### What you need to do
Locate "ソロモンの歌6:3わたしは愛する者のひまわり ポスター (コーナー)" in the records below, then copy its line and every following line exactly, without the pictures.

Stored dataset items
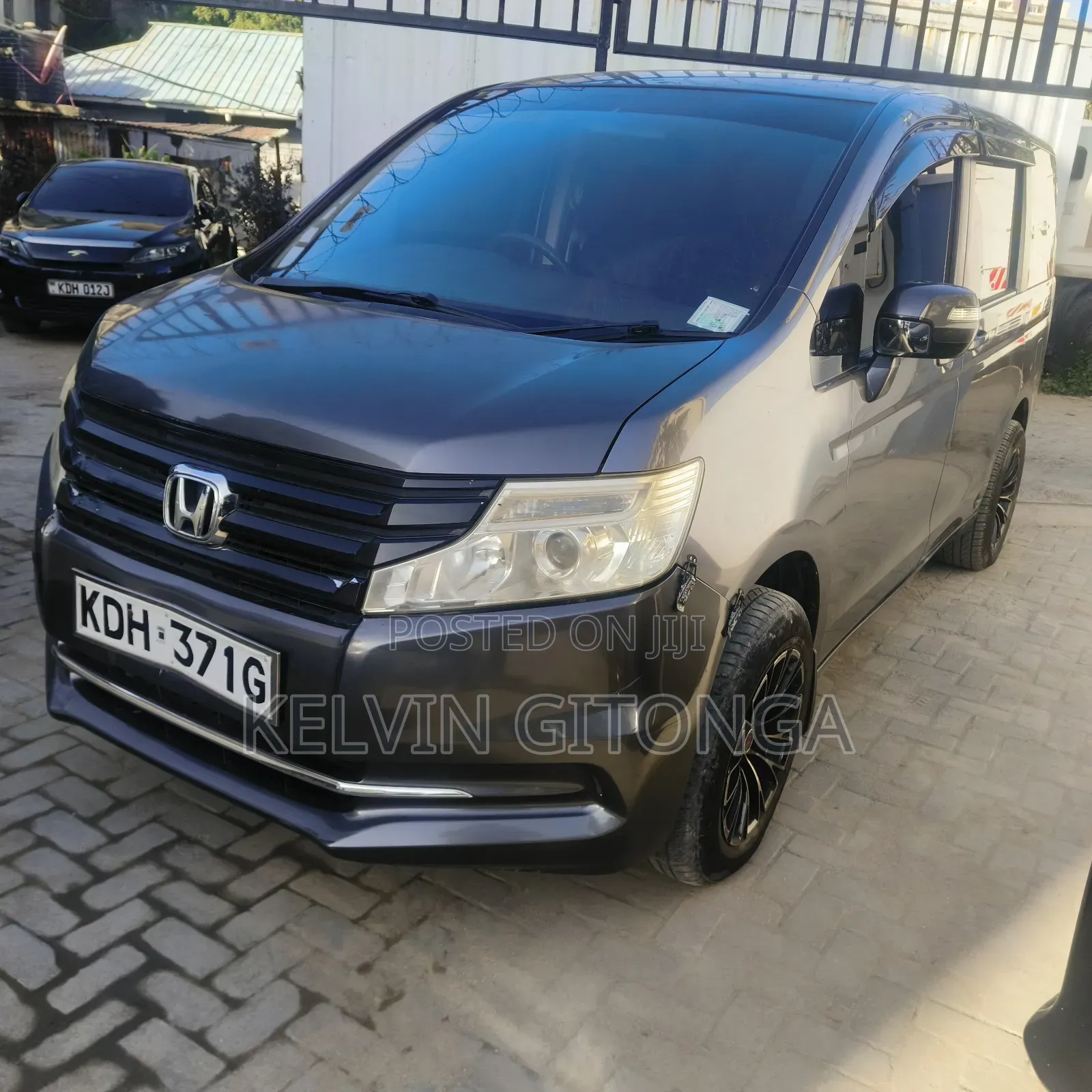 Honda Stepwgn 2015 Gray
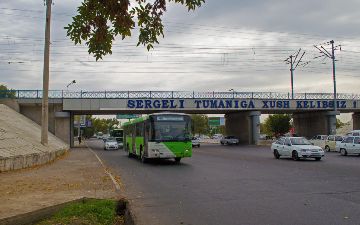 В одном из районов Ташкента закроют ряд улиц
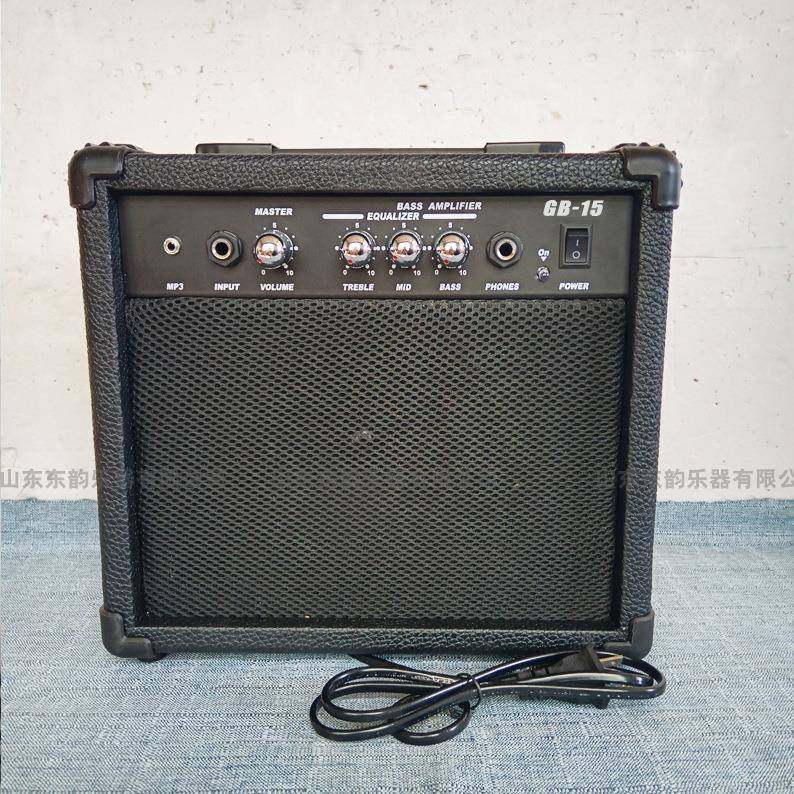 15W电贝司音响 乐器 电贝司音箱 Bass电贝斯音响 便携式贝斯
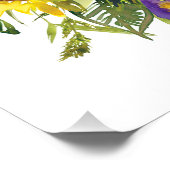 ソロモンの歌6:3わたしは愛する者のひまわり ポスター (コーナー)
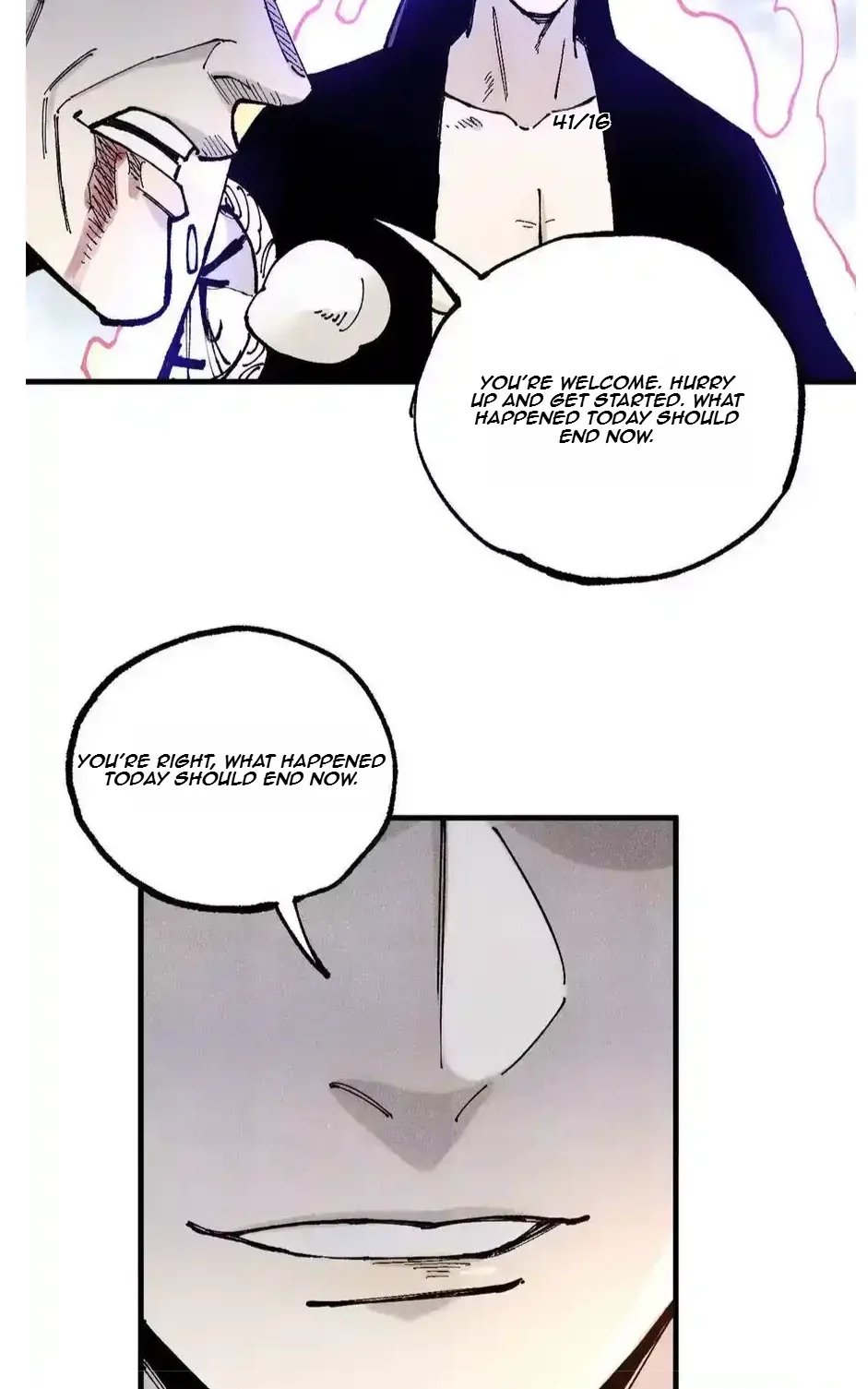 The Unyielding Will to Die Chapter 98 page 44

### Exercise output
 ソロモンの歌6:3わたしは愛する者のひまわり ポスター (コーナー)
 The Unyielding Will to Die Chapter 98 page 44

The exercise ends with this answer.